In a bid to enhance its operational efficiency, the U.S. Food and Drug Administration (FDA) has unveiled significant upgrades to its systems. These advancements include the introduction of a state-of-the-art artificial intelligence tool and the integration of various data platforms into one cohesive system.
The FDA recently introduced Elsa 4.0, the newest iteration of its AI tool, which is now accessible to all personnel, from scientific reviewers to investigators. According to officials, this upgrade aims to streamline processes and alleviate administrative challenges.

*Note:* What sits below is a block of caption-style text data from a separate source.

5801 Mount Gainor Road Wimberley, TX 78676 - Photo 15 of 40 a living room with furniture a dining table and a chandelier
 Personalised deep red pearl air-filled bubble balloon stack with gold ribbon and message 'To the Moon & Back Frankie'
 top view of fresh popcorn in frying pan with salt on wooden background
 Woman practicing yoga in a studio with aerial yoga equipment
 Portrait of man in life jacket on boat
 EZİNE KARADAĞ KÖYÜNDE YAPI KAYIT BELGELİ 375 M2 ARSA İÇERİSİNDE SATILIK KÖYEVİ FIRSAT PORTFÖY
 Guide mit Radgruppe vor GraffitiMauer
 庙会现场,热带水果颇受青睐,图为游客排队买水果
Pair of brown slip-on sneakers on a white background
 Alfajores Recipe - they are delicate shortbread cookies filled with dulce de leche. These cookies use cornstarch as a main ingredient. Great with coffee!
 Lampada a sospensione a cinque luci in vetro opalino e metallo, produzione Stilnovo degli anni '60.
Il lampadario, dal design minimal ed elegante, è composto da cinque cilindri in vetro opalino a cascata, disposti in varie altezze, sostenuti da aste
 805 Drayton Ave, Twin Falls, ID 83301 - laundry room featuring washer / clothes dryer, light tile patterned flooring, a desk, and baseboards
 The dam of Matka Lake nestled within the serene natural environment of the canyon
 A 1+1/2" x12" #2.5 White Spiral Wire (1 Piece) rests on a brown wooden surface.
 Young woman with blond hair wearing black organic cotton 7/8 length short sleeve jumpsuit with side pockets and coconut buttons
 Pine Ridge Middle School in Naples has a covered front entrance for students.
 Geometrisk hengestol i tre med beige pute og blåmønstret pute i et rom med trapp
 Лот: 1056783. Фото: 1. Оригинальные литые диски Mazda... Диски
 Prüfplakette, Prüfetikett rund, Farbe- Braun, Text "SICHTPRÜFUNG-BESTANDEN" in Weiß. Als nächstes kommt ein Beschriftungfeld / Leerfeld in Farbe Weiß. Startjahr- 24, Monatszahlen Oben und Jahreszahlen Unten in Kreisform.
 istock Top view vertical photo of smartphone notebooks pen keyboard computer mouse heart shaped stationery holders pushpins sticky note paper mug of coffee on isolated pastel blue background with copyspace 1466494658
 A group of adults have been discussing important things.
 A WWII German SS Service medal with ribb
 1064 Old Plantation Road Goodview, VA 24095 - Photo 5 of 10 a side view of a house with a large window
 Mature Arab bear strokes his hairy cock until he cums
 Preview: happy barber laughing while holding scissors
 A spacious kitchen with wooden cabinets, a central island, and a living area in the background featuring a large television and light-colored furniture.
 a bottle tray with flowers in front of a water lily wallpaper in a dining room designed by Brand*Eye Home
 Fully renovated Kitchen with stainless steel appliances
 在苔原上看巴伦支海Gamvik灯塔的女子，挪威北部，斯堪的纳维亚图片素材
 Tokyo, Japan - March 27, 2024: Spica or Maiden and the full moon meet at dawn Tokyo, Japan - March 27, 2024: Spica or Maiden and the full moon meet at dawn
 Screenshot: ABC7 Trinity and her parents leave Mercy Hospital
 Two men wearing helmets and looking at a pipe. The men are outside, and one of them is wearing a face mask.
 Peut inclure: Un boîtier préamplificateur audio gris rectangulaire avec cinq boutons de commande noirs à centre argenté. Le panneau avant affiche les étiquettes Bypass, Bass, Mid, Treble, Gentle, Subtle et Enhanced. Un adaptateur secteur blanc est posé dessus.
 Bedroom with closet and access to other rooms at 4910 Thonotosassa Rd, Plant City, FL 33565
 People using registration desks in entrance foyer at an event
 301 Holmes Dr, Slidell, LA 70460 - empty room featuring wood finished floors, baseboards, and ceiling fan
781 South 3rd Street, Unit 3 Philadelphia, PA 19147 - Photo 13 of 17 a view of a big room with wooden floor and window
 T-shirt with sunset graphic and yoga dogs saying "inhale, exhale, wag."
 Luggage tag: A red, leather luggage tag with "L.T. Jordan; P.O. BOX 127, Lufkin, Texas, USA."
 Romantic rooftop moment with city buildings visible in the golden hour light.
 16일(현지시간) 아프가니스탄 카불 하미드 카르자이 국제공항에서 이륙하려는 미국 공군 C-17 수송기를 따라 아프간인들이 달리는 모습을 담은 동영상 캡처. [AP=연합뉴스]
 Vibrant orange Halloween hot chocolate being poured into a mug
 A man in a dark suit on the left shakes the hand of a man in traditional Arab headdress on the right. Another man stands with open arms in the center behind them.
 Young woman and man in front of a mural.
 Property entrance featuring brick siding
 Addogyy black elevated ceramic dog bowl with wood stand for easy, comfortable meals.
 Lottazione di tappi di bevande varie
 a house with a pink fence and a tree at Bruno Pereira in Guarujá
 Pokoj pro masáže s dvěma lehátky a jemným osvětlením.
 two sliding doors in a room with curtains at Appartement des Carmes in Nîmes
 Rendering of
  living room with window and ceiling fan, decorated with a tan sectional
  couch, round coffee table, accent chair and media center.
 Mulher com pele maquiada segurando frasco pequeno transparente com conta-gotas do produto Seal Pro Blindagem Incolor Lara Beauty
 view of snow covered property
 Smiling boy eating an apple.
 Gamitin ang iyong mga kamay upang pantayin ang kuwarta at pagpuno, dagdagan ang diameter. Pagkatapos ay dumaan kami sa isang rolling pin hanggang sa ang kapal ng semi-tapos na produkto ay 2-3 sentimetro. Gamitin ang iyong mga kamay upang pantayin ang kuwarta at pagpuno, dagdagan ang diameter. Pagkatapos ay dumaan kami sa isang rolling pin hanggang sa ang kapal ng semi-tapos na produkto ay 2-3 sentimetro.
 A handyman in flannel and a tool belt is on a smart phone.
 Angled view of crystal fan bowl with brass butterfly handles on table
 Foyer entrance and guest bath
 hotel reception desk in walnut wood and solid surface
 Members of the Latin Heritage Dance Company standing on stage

Additionally, the agency has amalgamated over 40 disparate applications and submission systems into a singular platform called HALO, which stands for Harmonized AI & Lifecycle Operations for Data. This integration is designed to enhance employees’ ability to access and analyze information efficiently, eliminating the need to manually transfer documents between different systems.
“Elsa’s enhanced capabilities reinforce the FDA’s commitment to being at the forefront of AI tool deployment that empowers our staff,” stated FDA Commissioner Marty Makary, M.D., M.P.H., in a news release. “By alleviating tedious tasks, we enable our team to concentrate more on their scientific work, resulting in more efficient and fulfilling workflows. Our scientists are among the best in the world, and it is imperative that we support them well.”
Officials revealed that ongoing efforts are being made to integrate Elsa directly with the HALO platform, allowing staff to query data and develop workflows seamlessly within the system. This consolidation is anticipated to broaden AI utilization throughout the agency.
“With the streamlining of our application and submission data sources into HALO, along with improvements in Elsa’s features, Elsa is set to become the primary gateway into the FDA’s systems and data. In the past, FDA staff would provide data to Elsa; however, now Elsa will interface directly with our data,” explained Chief AI Officer Jeremy Walsh. “Incorporating AI into our workflows is a top priority that will enable us to advance regulatory science rapidly and facilitate quicker delivery of effective treatments and cures to patients.”
The Office of Digital Transformation at the FDA has continued to enhance the system since the release of Elsa 1.0 in June 2025, which was accomplished ahead of schedule and within budget.
New features in Elsa 4.0 include customizable agents, document generation, data analysis and visualization tools, secure web search capabilities, voice-to-text dictation, and the conversion of scanned documents into searchable text. Additionally, the system includes improved chat functions and enhanced search tools for extensive document collections.
The FDA assured that Elsa functions within a secure, high-level cloud environment and does not train on sensitive data or information from regulated industries. Expert personnel remain actively involved in all phases of the AI process, overseeing inputs, analysis, and outputs.
This modernization initiative represents a significant step forward in the FDA’s ongoing efforts to employ innovative technologies that enhance scientific research and ultimately benefit patient care.